Infektionszahlen in Deutschland wahrscheinlich viel höher als offizielle RKI-Zahlen

Bisher sind die offiziellen Corona-Fallzahlen in Deutschland weiter rückläufig. Die aktuelle 7-Tage-Inzidenz liegt laut RKI bei 34,1 Fällen pro 100.000 Einwohnern. Allerdings werden auch immer weniger Fälle offiziell gemeldet. Die Dunkelziffer dürfte deshalb deutlich höher sein. Davon geht auch Thorsten Lehr von der Universität des Saarlandes aus: „Das Meldewesen von Corona ist vorbei“, sagte er gegenüber der Deutschen Presseagentur.
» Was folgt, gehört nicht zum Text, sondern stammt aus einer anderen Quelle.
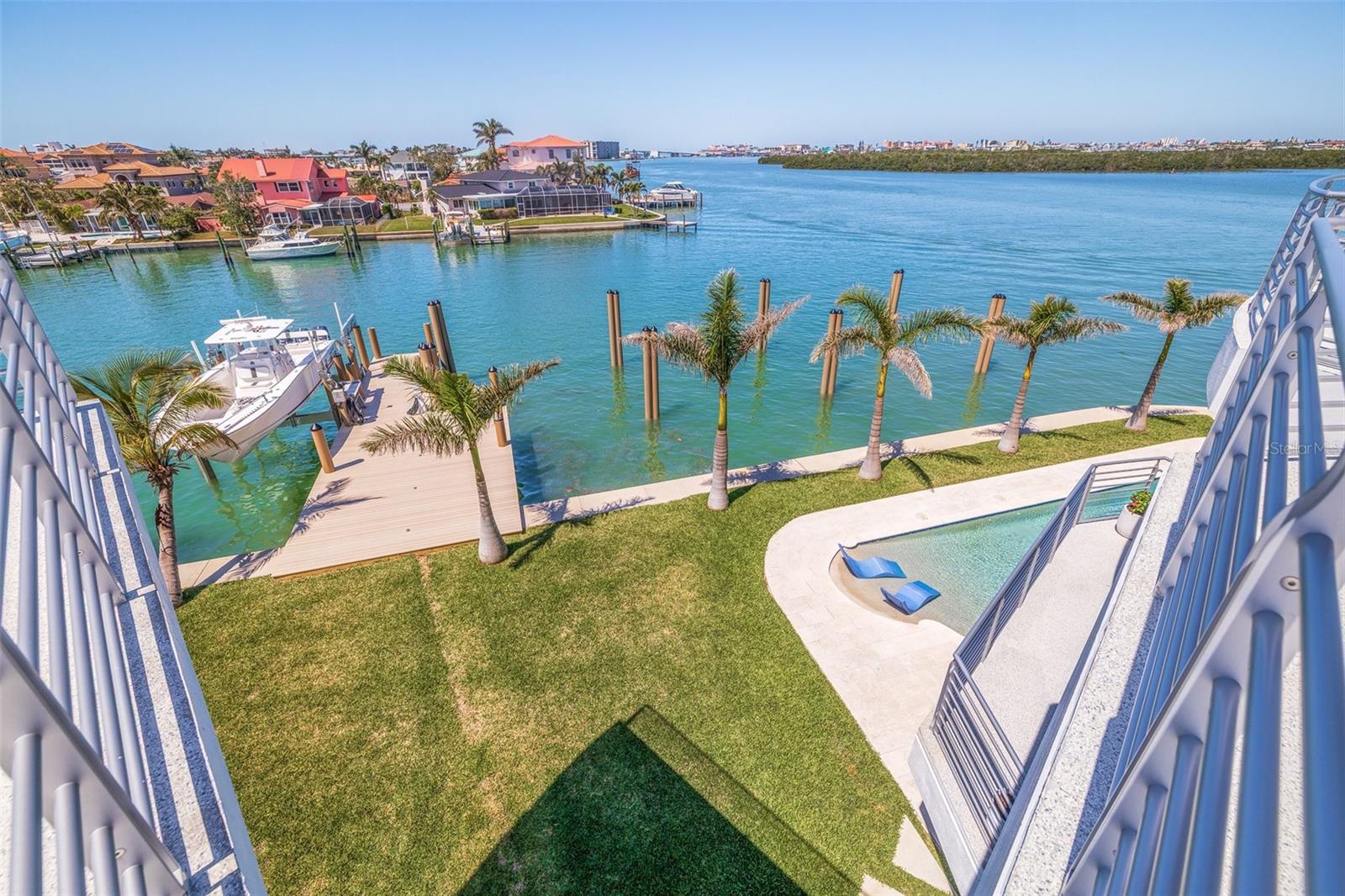 CAPRI ISLE - Residential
Corona selbst sei aber noch nicht vorbei. Daher läge die wahre Inzidenz vermutlich derzeit eher bei 1000 bis 2000 Fällen, schätzt Lehr. „Wir haben noch viele Infektionen. Sie sind harmloser, aber sie sind existent“, sagte er. Seiner Prognose zufolge wird die aktuelle Welle im April ihren Höhepunkt erreichen und dann abebben. „Nicht wegen irgendwelcher Saisonalitäten, daran glaube ich nicht mehr. Sondern weil wieder eine Durchseuchungsrunde vorüber ist.“

Was danach kommt, kann aber auch Lehr nicht abschätzen, das hänge von der Variante ab und wie lange unser Impfschutz anhalte. Dennoch ist auch er davon überzeugt, dass wir mit rund 40 Millionen gemeldeten Infektionen seit Beginn der Pandemie vor gut drei Jahren plus Dunkelziffer eine „relativ große“ Immunität in der Bevölkerung haben – fast jeder dürfte demnach schon einmal in Berührung mit Sars-CoV-2 gekommen sein. Grundsätzlich ist dies ein Vorteil, auch wenn sich die Varianten unterscheiden.